By conducting the hydrogenation reaction in the gas phase under the above-mentioned conditions, the conventional problem regarding the amount of hydrogen molecules dissolved in the liquid phase at a low pressure can be solved, and thereby the reaction activity is remarkably improved. In addition, since the reaction equilibrium in the production of alcohols largely shifts toward the formation of alcohols in the gas phase, the amounts of esters remaining as the unreacted starting materials and a wax ester formed as the reaction intermediate included in the resulting alcohols at the outlet of the reactor can be expected to be decreased. Actually, however, a side reaction, namely, the reduction reaction of the alcohols to hydrocarbons, is also accelerated, which results in excellent reactivity but poor selectivity, and hence, the yield is rather notably decreased. Furthermore, in the gas phase reaction, the ester used as the starting materials is diluted with a large amount of a hydrogen gas and then fed to a catalytic layer in the form of vapor. As a result, when the amount of the starting materials fed per unit time is made large, namely, when the productivity is to be increased, the flow rate of the vapor within the reactor becomes high to such an extent that the ester can disadvantageously flow through the catalytic layer without being subjected to catalytic reduction reaction. The unreacted starting material ester included in the resulting alcohol has a boiling point region substantially the same as that of the alcohol having a corresponding number of carbon atoms, thereby making it difficult to separate by distillation. In order to overcome this problem, in Japanese Patent Unexamined Publication No. 4-504408, the unreacted starting material ester is first converted to a wax ester in the subsequent process of transesterification, and then the wax ester is separated from the obtained alcohol by distillation. However, such an additional process give rise to higher overall costs.

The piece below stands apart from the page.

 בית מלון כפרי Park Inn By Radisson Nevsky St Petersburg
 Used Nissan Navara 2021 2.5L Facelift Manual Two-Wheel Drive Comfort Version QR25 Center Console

In the hydrogenation reaction utilizing a gas phase reaction disclosed in Japanese Patent Unexamined Publication No. 4-504408 and Japanese Patent Examined Publication No. 4-57655, since a mixed material of an ester and hydrogen to be brought in contact with a hydrogenation catalyst is always kept at a temperature higher than its dew point, the reaction temperature and pressure, the molar ratio of hydrogen and the kinds of starting materials to be used are considerably restricted. For example, the use of a naturally occurring fatty acid ester, fatty acid triglyceride or fatty acid having short and long chain moieties with 8 to 18 carbon atoms is not practical in view of the necessary amount of hydrogen and the size of equipments.